- In most African countries, agriculture is the engine of economic growth, and agricultural growth is the cornerstone of poverty reduction. Approximately sixty-five percent of Africans rely on agriculture as their primary source of livelihood. Small-scale farmers are responsible for more than ninety percent of Africa’s agricultural production.
- Agriculture accounts for 30 to 40 percent of Africa’s total gross domestic product (GDP), and almost 60 percent of its total export earnings.
- By raising productivity, investments in agriculture contribute to growth and poverty reduction both directly and indirectly. Higher farm wages and lower food prices lead to powerful real income effects. The welfare benefits are large when spread across all consumers, even if some producers end up being worse off.
- Agricultural growth rates in Africa have increased modestly from about 2.4 percent a year in 1980–89 to 2.7 percent in 1990–99 and 3.3 percent a year since 2000.
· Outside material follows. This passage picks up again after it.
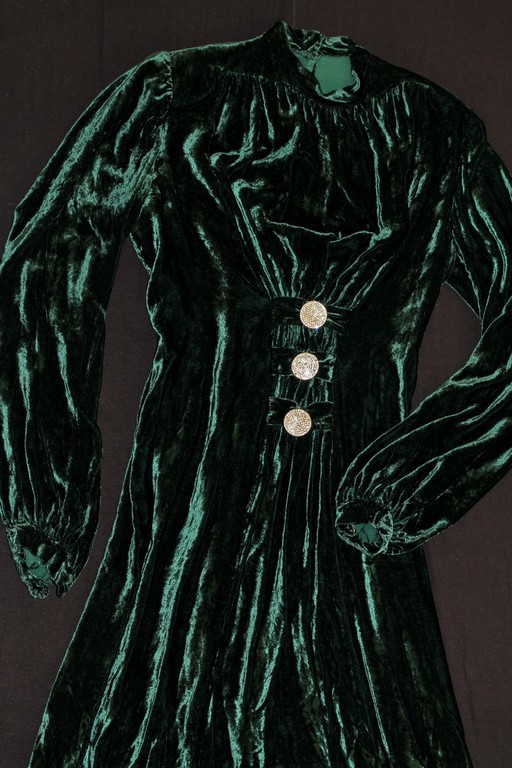 Covering the velvet dress in dark green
- African governments have agreed to increase public investment in agriculture by a minimum of 10 per cent of their national budgets and to raise agricultural productivity by at least 6 per cent. Only a handful of countries in Sub-Saharan Africa—Ethiopia, Mali, Mozambique, Nigeria, Senegal, and The Gambia—have surpassed the threshold of six percent agricultural growth in recent years.
- African governments spend much less on agriculture relative to other developing countries. In aggregate, African public spending on agriculture accounted for five to seven percent of the total national budget from 1980 to 2005. In Asia, the equivalent figure has been 6–15 percent.
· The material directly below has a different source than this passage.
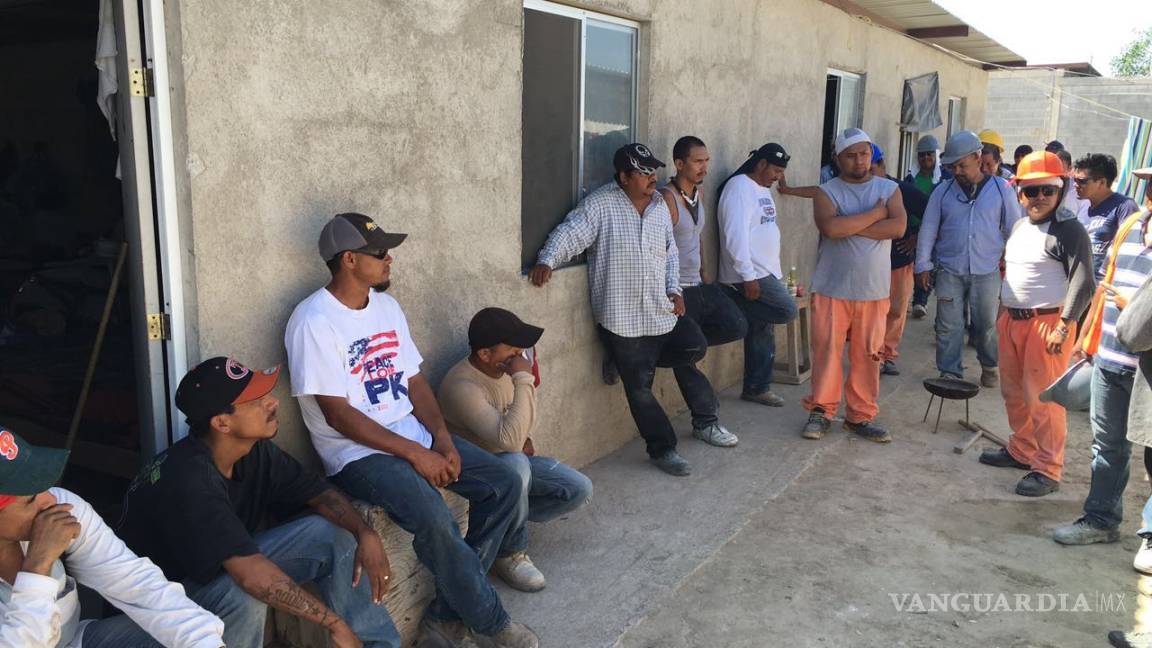 'Nos tienen como reos', trabajadores de la obra CEFERESO Coahuila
- Only a few African countries—Burkina Faso, Ethiopia, Malawi, and Mali—have surpassed the threshold of 10 percent of budgetary spending on agriculture in recent years. Nearly half of African countries reduced their spending on agriculture during the period 1980 to 2005.
Sources: S, Fan, et al. 2009. Policy Brief 12, Setting Priorities for Public Spending for Agricultural and Rural Development in Africa. IFPRI.
World Bank. 2008. The World Development Report, Agriculture for Development.